Après avoir sanctionné les plus hauts dirigeants de la ville et de la province pour ce retard de cinq à quinze jours, voire plus, il ne reste au pouvoir central, pour reprendre le contrôle complet de la situation, qu’à faire disparaître les récits indépendants. L’appareil répressif de Xi Jinping se met en marche. Au moment du blocus de Wuhan – comble du double langage –, les éditoriaux de la presse officielle s’étaient emplis de déclarations en faveur de la transparence. Un bilan chiffré des victimes est alors publié quotidiennement… mais dont chacun sur le terrain se met à douter.

Des journalistes multiplient les reportages décrivant les conditions d’extrême épuisement des équipes médicales au bout de leurs capacités, mais cette liberté aura été de courte durée : en février, les reporters s’en sortent avec des réprimandes, mais sont chassés et remplacés sur le terrain par une armée de journalistes explicitement chargés par le pouvoir de « positiver ». Dans des films de propagande, Xi Jinping se voit propulsé à la tête d’une armée qui sera forcément victorieuse et glorieuse.
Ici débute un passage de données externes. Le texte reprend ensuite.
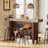 Modern 2-Tier Bar Table Footrest Home Bar Unit Corner Mini Coffee Bar Cabinet Kitchen Pub-1846060482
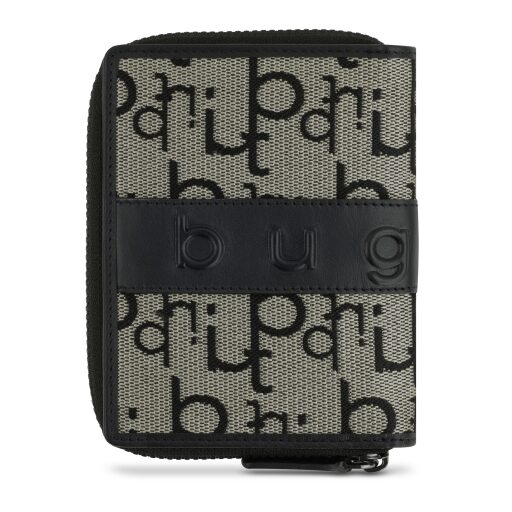 Bugatti Dámská zipová peněženka RFID Elea 49435001 černo-béžová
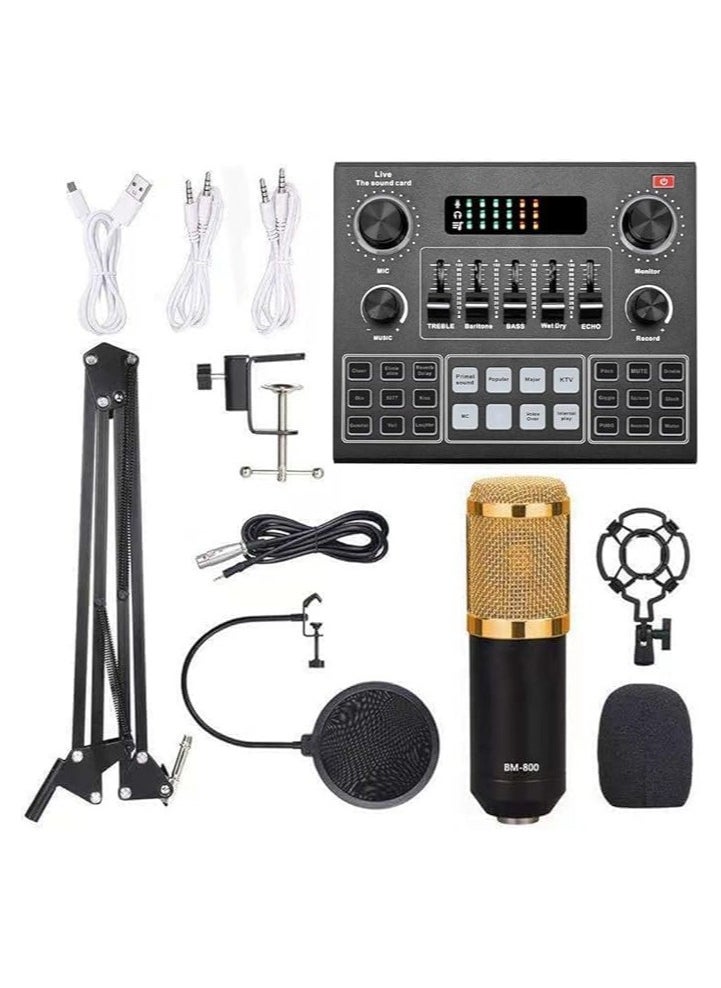 Compare Elite V9 Sound Card & BM800 Pro Microphone Bundle – Professional Audio Interface Kit for Streaming, Podcasting, Recording, Voiceovers & Gaming – Ideal for Creators & Broadcasters at KSA Price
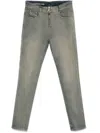 Diesel Grey Skinny Denim Jeans In Multicolor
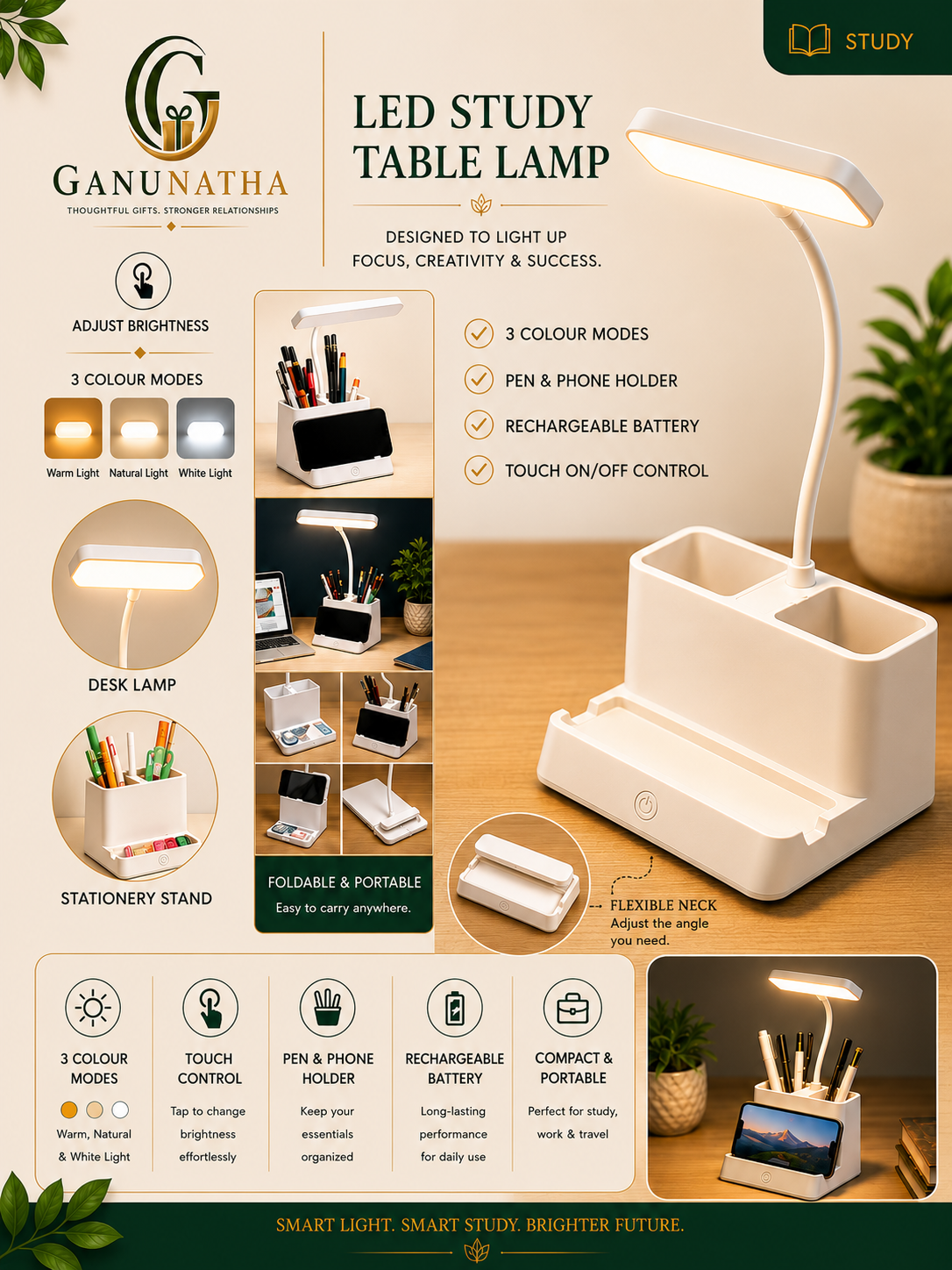 LED Study Table Lamp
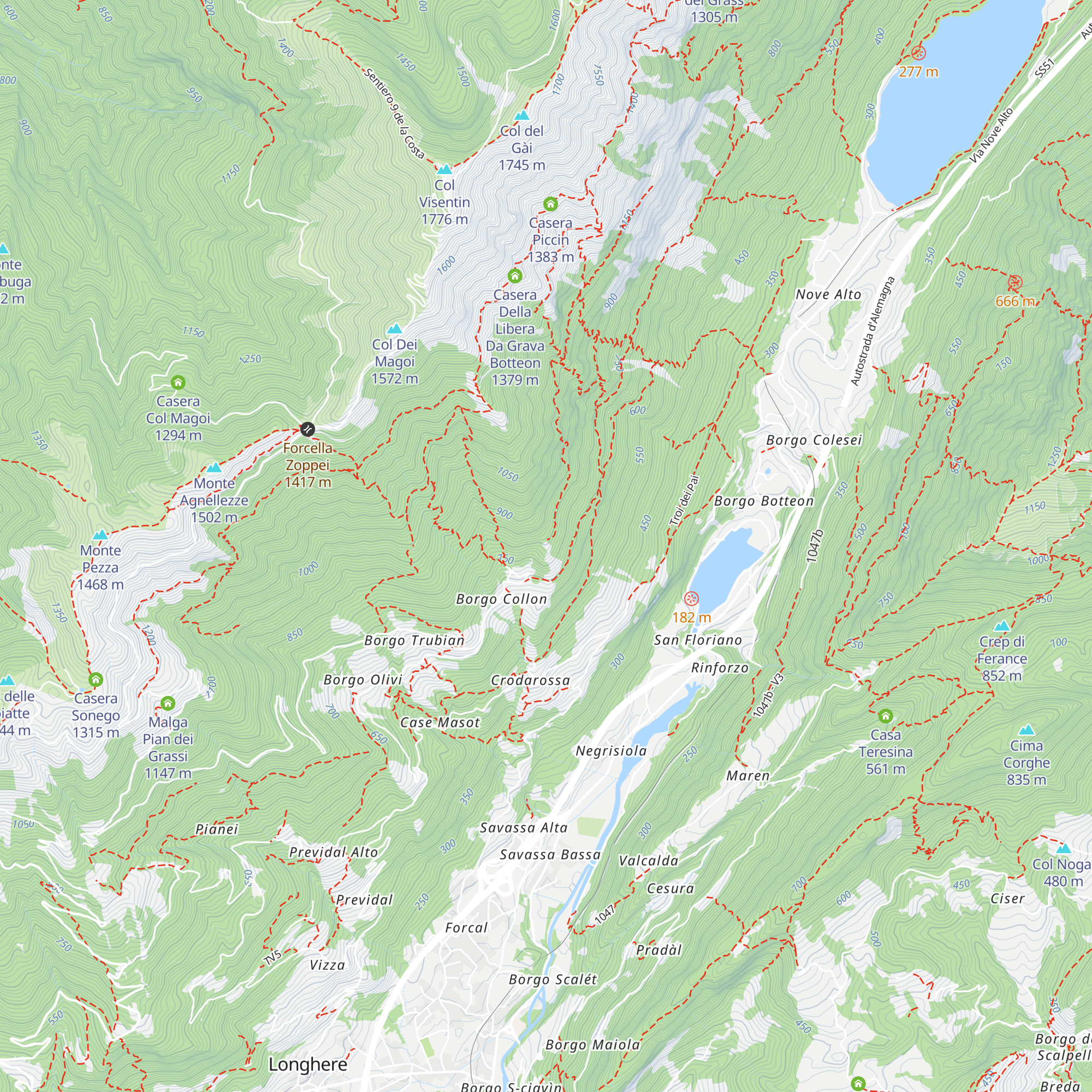 Casere Biz map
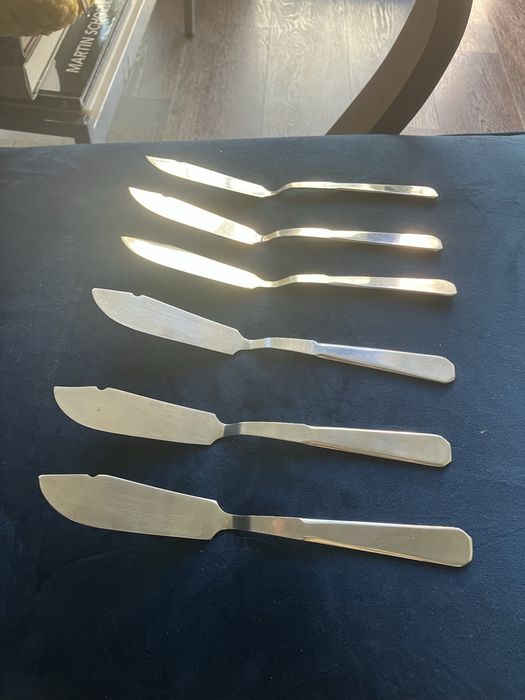 Talheres peixe - 6 facas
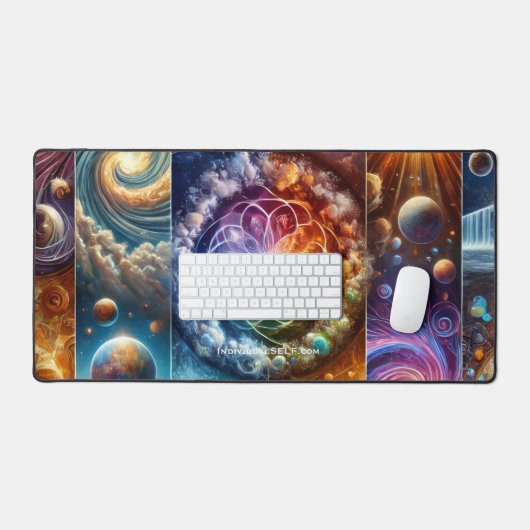 The Seven Days of Universe Creation Desk Mat (Keyboard & Muis)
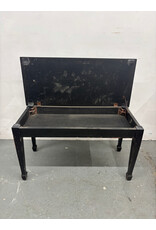 Black Wooden Piano Bench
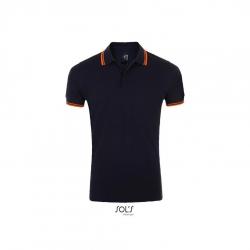 Męska koszulka polo SOL'S PASADENA MEN-French navy / Neon orange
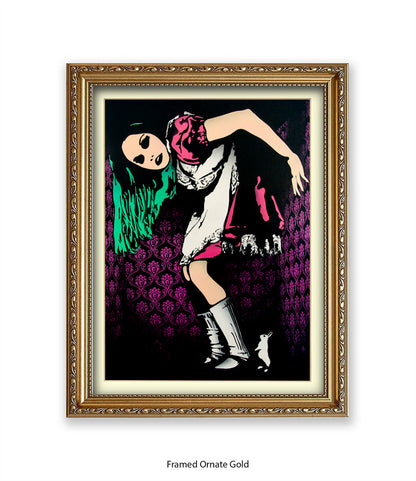 Alice in Wonderland Banksy Art Print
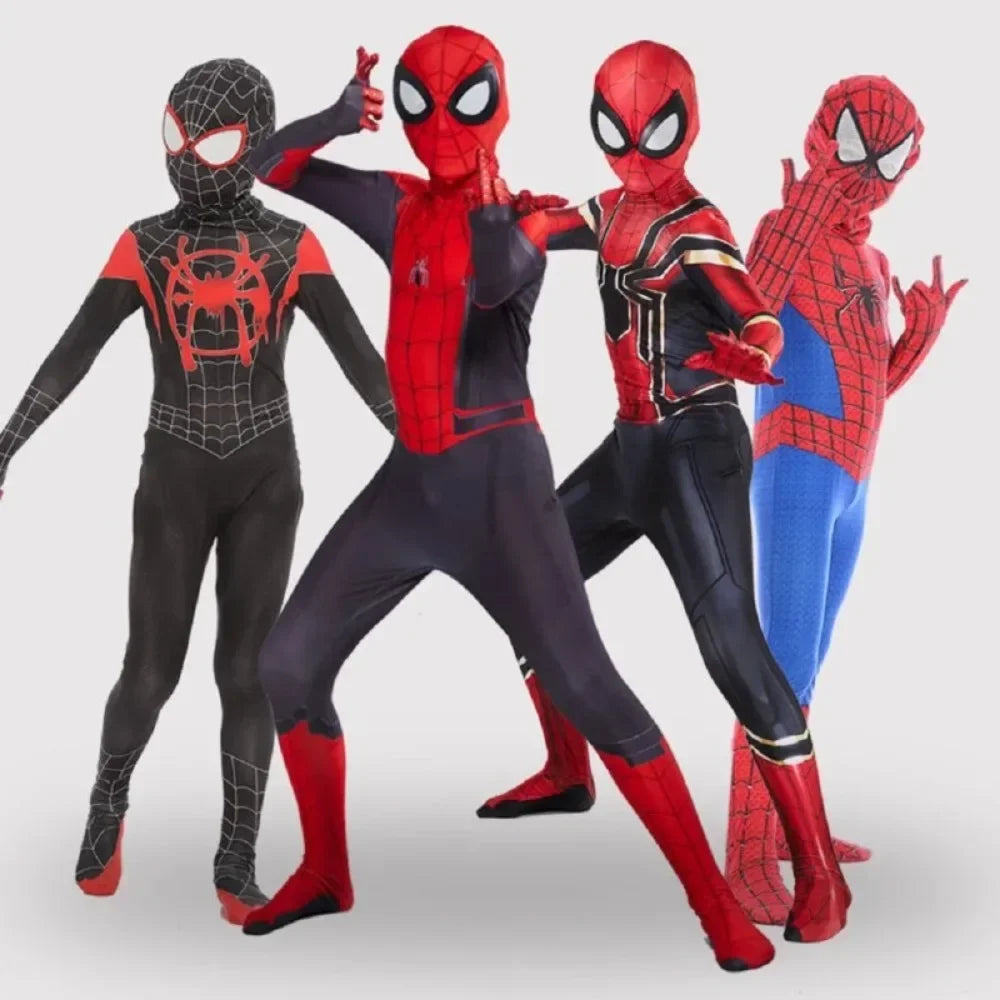 Spiderman Cosplay Costume – Adult & Kids Carnival Party Bodysuit, Movie Fan Cosplay Outfit for Boys & Girls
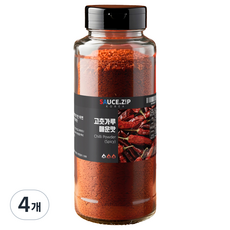 국산고춧가루 청양고춧가루 아주 매운고추가루, 350g, 4개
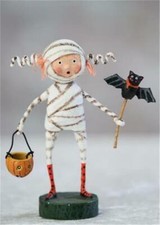 Lori Mitchell MINNIE MUMMY Collectible HALLOWEEN Figurine NEW 11051 picture
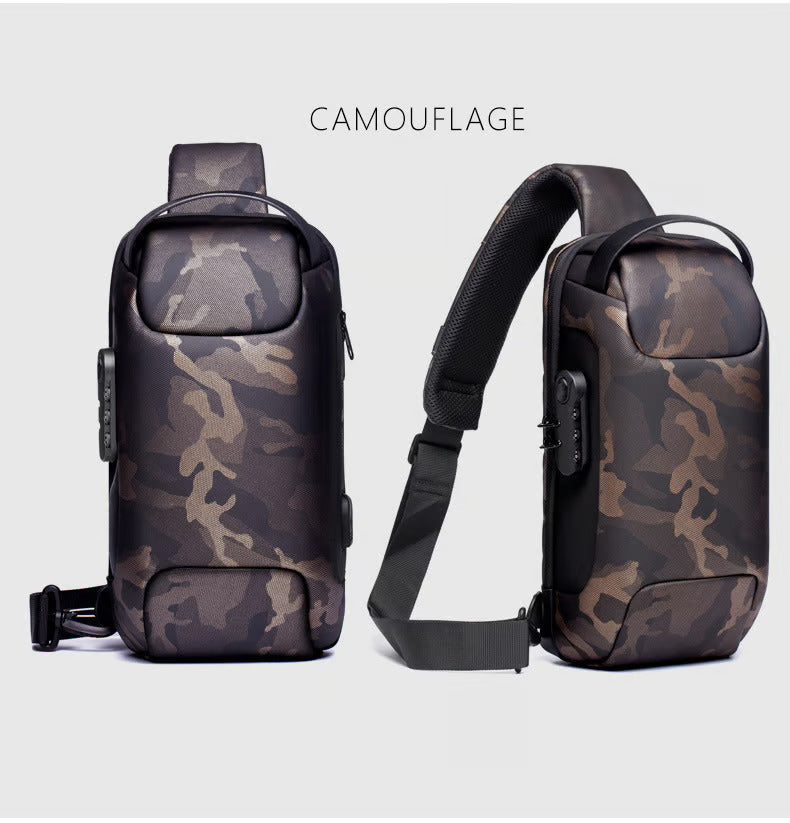 🎁2024 New Year Hot Sale🎁New Carbon Fiber Streamline Anti-Theft Sling Bag 🔥
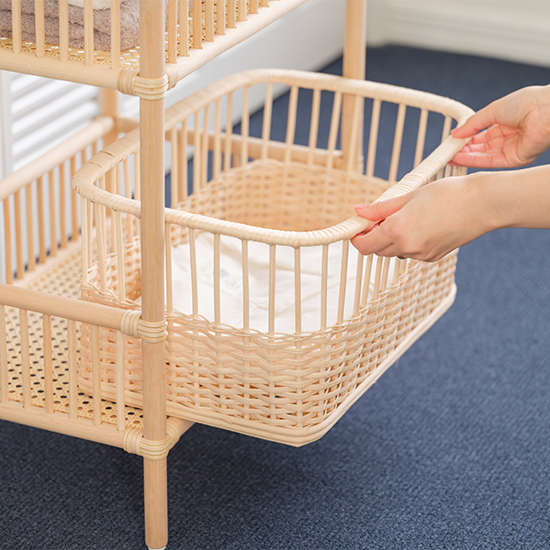 籐のランドリー バスケットのみ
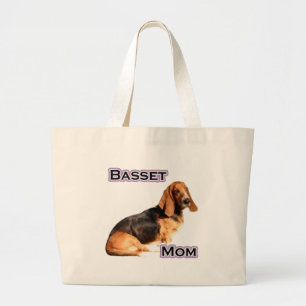 Basset Mum 4 Large Tote Bag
La répression s’abat en revanche contre les « journalistes citoyens » – les diffuseurs d’images et de messages sur les réseaux sociaux –, détenus par la police en des lieux indéterminés. Des intellectuels, juristes, hommes d’affaires se révoltent contre le régime et sont interpellés. Entre janvier et mars, 900 personnes sont sanctionnées pour leurs propos sur Internet, selon un rapport de l’ONG Chinese Human Rights Defenders. En mai, la répression s’attaque à qui veut garder des traces de ces événements : trois jeunes Pékinois qui avaient enregistré sur la plateforme américaine GitHub tout ce qui avait été publié dans la presse chinoise et sur les réseaux sociaux sur l’épidémie sont arrêtés.

Faut-il d’autres indices ? Quand bien même il n’aurait pas volontairement menti, le régime chinois, pour le moins, n’a pas dit toute la vérité à sa population. Les mécanismes de préservation du pouvoir chinois, qui lui sont constitutifs, ont cette fois encore prédominé. Mais les faux-semblants du système, qui d’habitude n’affectent que le destin des Chinois, ont sans doute eu, pour la première fois, des implications directes et immédiates pour le monde entier.